Asked about the role of genetics in advanced aging, Barzilai said that the genetics is “strong” in centenarians but added that this wasn’t the only factor in living long.
Barzilai cites an example from his family history. His father and grandfather both suffered heart attacks at age 68. His grandfather’s was fatal, whereas his father survived, underwent triple bypass surgery and lived to age 84.

“You can see the genetics are similar,” Barzilai said. “My father had an interaction with the environment that was not available to my grandfather.”
“It’s very complicated to give numbers about how much is genetic,” he said. “It’s almost impossible to give a number. The point here is that if we can find all the genetics, we could protect against the environment, no matter what the number is.”
And, Barzilai said, “we are finding the longevity gene.”
He said that in studying advanced agers, he is finding “what in their genetics allows them to get to be 100,” with two findings already translated into drugs.
“It’s an impact we have on drug development from these Jewish centenarians,” he said.
In recent years, Barzilai has become intrigued by a drug called metformin that he is examining for possible protective effects against age-related disease. It is currently used to treat Type 2 diabetes. More recently, it has been tried against COVID-19. Earlier this year, a paper published in China reported less mortality among diabetic COVID-19 patients taking metformin than among those not taking metformin.

Barzilai cited past human studies in which participants using metformin had “less of the major diseases of aging,” with results being detected through either “clinical or observational” means.
“For me, metformin is a tool to show the FDA that aging can be prevented,” Barzilai said. “By targeting aging, we can prevent age-related disease.”
By targeting aging, we can prevent age-related disease
According to Barzilai, metformin can help realize the maximal lifespan for the human species, which he said is 115 years old.
“If we can reproduce metformin for aging, and if pharma develops more and better drugs and combinations of drugs, we can start making better progress,” Barzilai said.

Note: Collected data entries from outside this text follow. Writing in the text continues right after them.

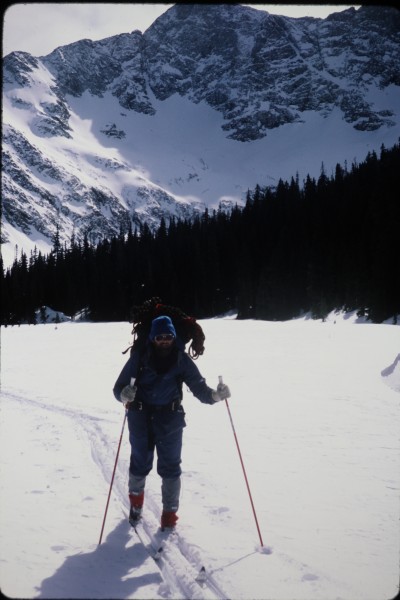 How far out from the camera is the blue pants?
201 inches

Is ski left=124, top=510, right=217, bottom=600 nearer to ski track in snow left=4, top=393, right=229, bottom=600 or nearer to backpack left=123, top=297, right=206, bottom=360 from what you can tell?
ski track in snow left=4, top=393, right=229, bottom=600

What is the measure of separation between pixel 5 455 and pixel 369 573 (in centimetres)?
554

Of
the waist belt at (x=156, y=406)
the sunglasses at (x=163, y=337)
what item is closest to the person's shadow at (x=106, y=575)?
the waist belt at (x=156, y=406)

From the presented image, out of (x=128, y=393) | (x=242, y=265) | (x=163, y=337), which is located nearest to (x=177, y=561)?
(x=128, y=393)

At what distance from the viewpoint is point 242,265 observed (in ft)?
259

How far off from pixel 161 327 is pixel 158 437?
122 centimetres

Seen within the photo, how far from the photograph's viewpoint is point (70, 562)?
4234 millimetres

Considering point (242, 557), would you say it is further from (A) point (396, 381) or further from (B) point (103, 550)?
(A) point (396, 381)

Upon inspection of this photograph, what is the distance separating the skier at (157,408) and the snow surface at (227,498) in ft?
1.47

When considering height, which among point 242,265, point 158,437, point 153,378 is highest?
point 242,265

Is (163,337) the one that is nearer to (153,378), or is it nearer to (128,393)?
(153,378)

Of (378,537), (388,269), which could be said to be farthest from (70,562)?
(388,269)

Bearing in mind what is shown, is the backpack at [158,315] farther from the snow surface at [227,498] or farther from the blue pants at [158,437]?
the snow surface at [227,498]

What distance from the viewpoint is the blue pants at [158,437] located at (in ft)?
16.8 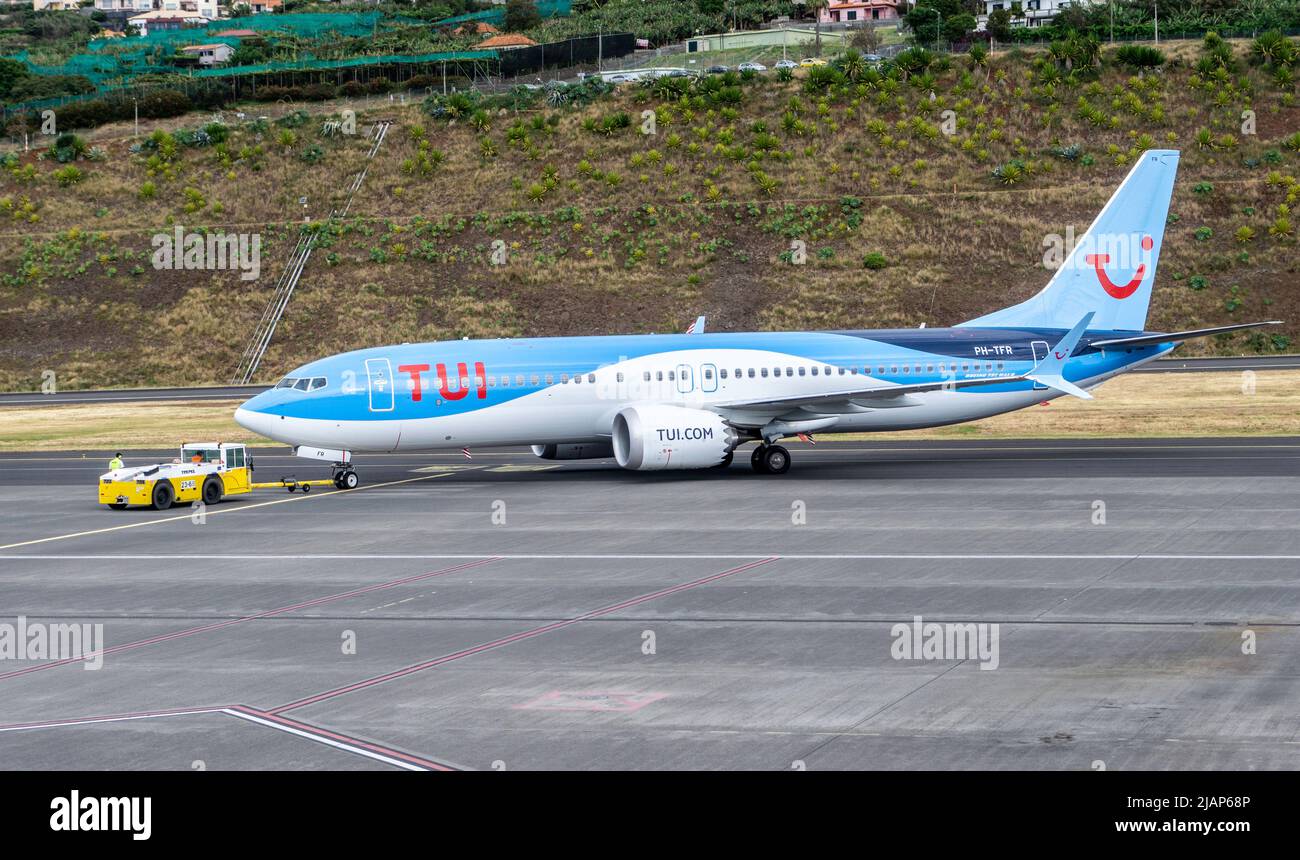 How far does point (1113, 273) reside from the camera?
162ft

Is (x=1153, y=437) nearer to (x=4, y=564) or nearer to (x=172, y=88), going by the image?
(x=4, y=564)

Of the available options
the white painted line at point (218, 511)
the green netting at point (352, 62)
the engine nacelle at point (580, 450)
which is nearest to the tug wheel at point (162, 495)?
the white painted line at point (218, 511)

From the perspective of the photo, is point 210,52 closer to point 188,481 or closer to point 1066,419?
point 1066,419

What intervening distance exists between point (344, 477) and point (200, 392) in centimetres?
4495

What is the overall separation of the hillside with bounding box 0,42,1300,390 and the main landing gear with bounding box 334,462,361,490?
49.7 metres

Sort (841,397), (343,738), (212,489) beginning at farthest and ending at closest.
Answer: (841,397), (212,489), (343,738)

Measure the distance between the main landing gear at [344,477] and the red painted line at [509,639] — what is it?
18.6 m

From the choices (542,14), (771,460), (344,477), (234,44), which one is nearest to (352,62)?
(234,44)

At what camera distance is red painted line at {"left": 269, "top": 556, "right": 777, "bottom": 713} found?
62.8ft

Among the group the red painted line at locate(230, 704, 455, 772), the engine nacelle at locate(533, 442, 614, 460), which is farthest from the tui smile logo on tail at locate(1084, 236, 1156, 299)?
the red painted line at locate(230, 704, 455, 772)

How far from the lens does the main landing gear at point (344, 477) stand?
44.4m

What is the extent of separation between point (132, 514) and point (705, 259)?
2543 inches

COVID-19 has put Barzilai’s study on hold. He was in pre-study mode six months ago when the pandemic hit. He has yet to recruit his first participant.
“We will probably have to wait until it’s safe again to get patients to the study,” Barzilai said. “We would have been recruiting now, but cannot.”
Yet looking long-term, he is optimistic about what lies ahead for aging research.
“Now biotech is involved in this,” he said. “It’s why pharmaceuticals are going to be interested, why the future looks better. We can extend our health span and enjoy a better end of life, a better quality of life.”